According to the lawsuit that is currently under trial at San Diego Superior Court, Department 74, after Scott complained at the blatant racist cartoon, his career hit a snag. Dan Gilleon is the lawyer who filed the suit and is trying the case on his behalf. The city assigned Assistant City Attorney George Schaefer. The case, so far, hinges on several claims that the city made to the Jury and the Court.
- The relationship of Sergeant Scott with subordinates at South Eastern Division According to Schaefer this relationship was adversarial, and at one point Sergeant Scott put subordinates at risk.
- The relationship with superiors was also not that good at South Eastern Division
- Scott claimed that he was hurt by both his transfer to Central division and not being promoted to the Domestic Abuse Unit, an elite unit within the department.
- At question as well is whether the transfer was voluntary or not.
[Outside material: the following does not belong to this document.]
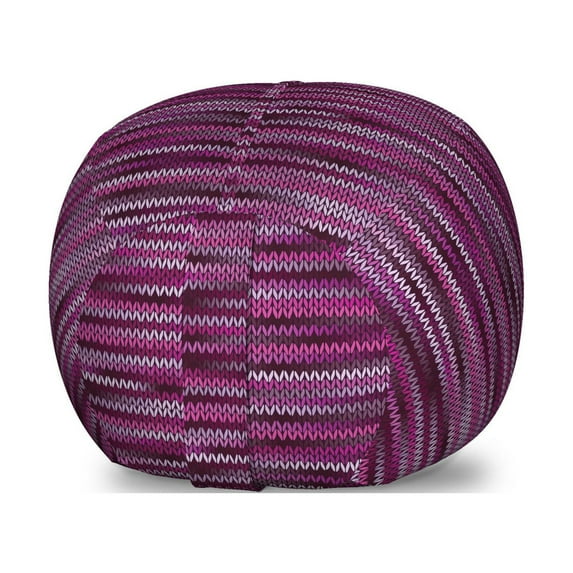 Magenta Storage Toy Bag Chair, Vintage Knit Pattern Featured Variations of Pink Tone Nostalgic Vibrant Art, Stuffed Animal Organizer Washable Bag, Large Size, Fuchsia and Violet, by Ambesonne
Scott says it was not since he was transferred under threat of an investigation of conduct unbecoming an officer if he did not accept it.
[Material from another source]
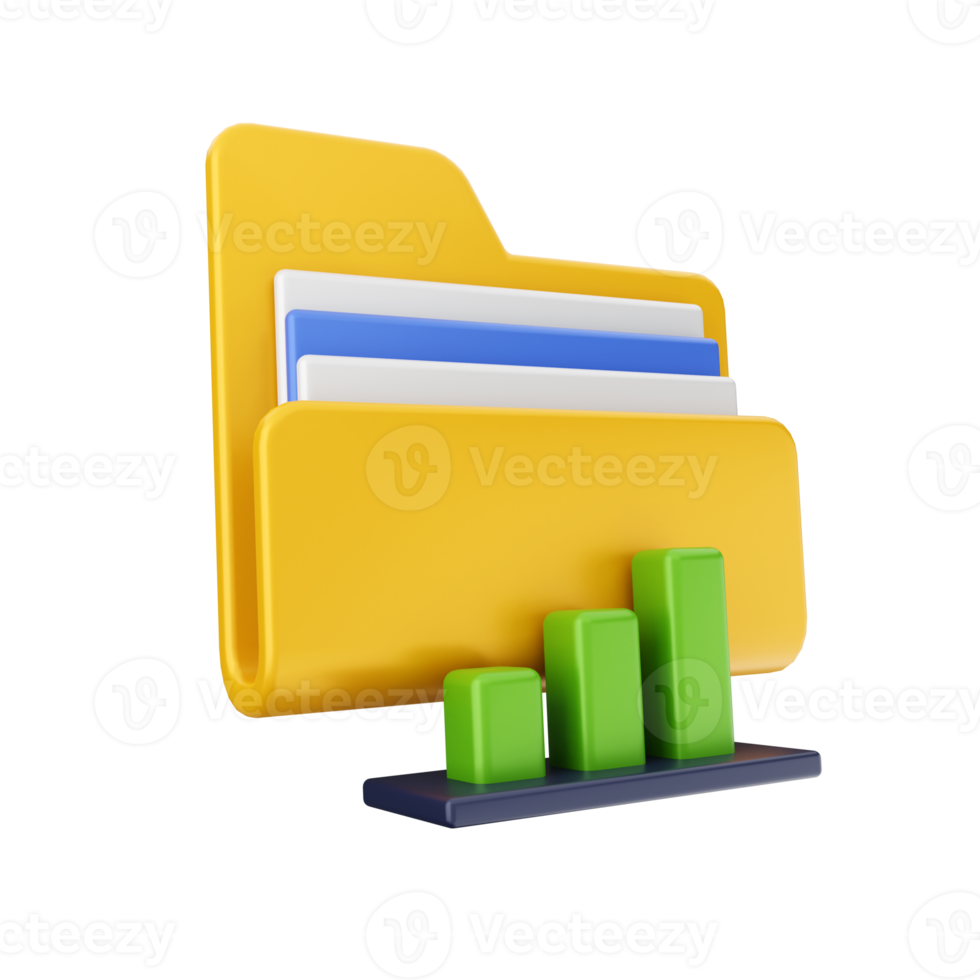 3d folder file icon illustration png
- The city also contends that he has thrived at Central
Some issues were raised during the court session, including the harassment of Sergeant Scott, and other officers as well, due to the color their skin. There was an interesting claim that a female officer did not want to go out on patrol with another officer, who used the N-word. This is not just against departmental policy, but that officer should have faced some form of a reprimand. From the statements in open court, the officer in question is no longer partnered with that officer, however, it is unclear if that other officer was ever reprimanded.
That event led to a letter of reprimand to Scott, since this female officer did come out and allegedly told him about it, but later went to the Precinct Captain Chris Knighton. Since the Captain outranks a sergeant and she reportedly spoke about this soon after the incident with the Captain, Sergeant Scott did not do anything more about the matter. The investigation should have been started by the highest ranking officer, and he was not it. Nevertheless, the department issued him a letter of reprimand, which he refused to sign, for violating equal opportunity standards.
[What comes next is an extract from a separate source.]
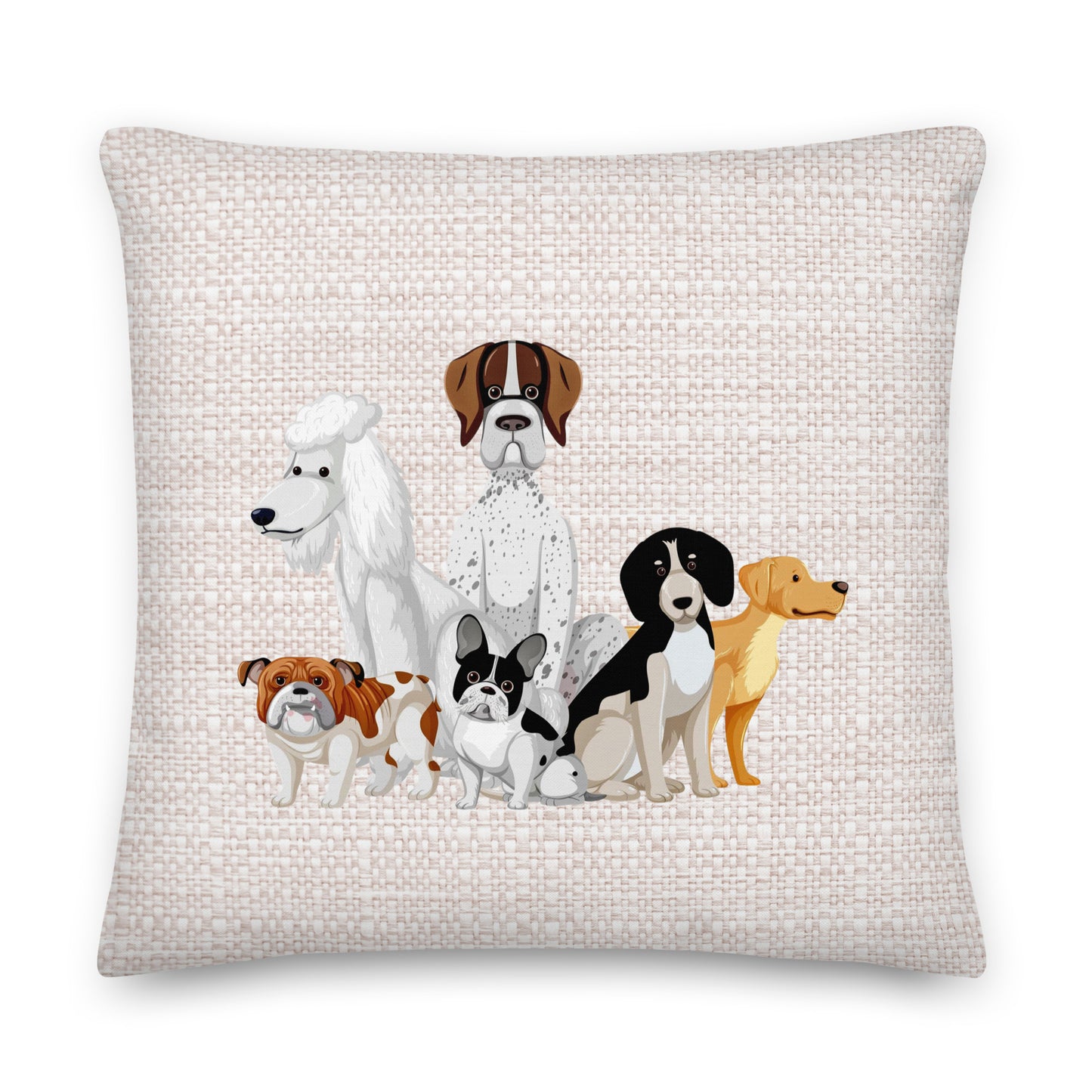 Decorative pillow with illustrations of six different dogs on a textured beige background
There were other incidents, but after being transferred and passed on for promotion, Sergeant Scott intends to end his career as soon as he can collect retirement and move on to a legal career. This is a point emphasized by the city attorney. that the interests of Sergeant Scott and those of the department are no longer the same. However, during questioning, Scott made a critidal point. Wherever he has worked in the department, he has trived. But there is a tension in Souther Eastern and he blamed the leadership.
Internal regulations, such as wearing long sleeves for all officers and Detectives when htey have tattoos, are not equally enforced. Moreover, he heard of two other officers, trainees, who were African American, who felt they were not treated the same way as other officers. One is still wtih the Department, the other resigned. He felt their treatment was all right, but he tried to find out about it, by talking with their supervisors. The City Attorney tried to show that he was incorrect and should have gone down to the field training officer in question.
The issue of pay is complicated. All officers in the department receive a bonus if working on either second watch or third watch. All officers are rotated, ideally, from one watch to the next every four months, WIht the promotion to the unit, sergeant Scott would have gotten a 5 percent bonus for the full year. Working on the third watch, which is the overnight watch meant a 5.3 percent pay differential, while the second watch meant a 3.8 percent adjustment. Schaeffer used the gross pay, and Scott used his hourly compensation. Gross pay showed that his pay did increase every year.
However, the questions on Scott’s treatment and whether there is a pattern of different treatment against Scott and perhaps other officers is at the heart or the case. Scott felt that some in the brass were out to get him after he complained about that cartoon.
Ed note: We are posting the cartoon for reference. The department claims it was used to highlight the history of the department, Scott said it was completely out of context in a training session.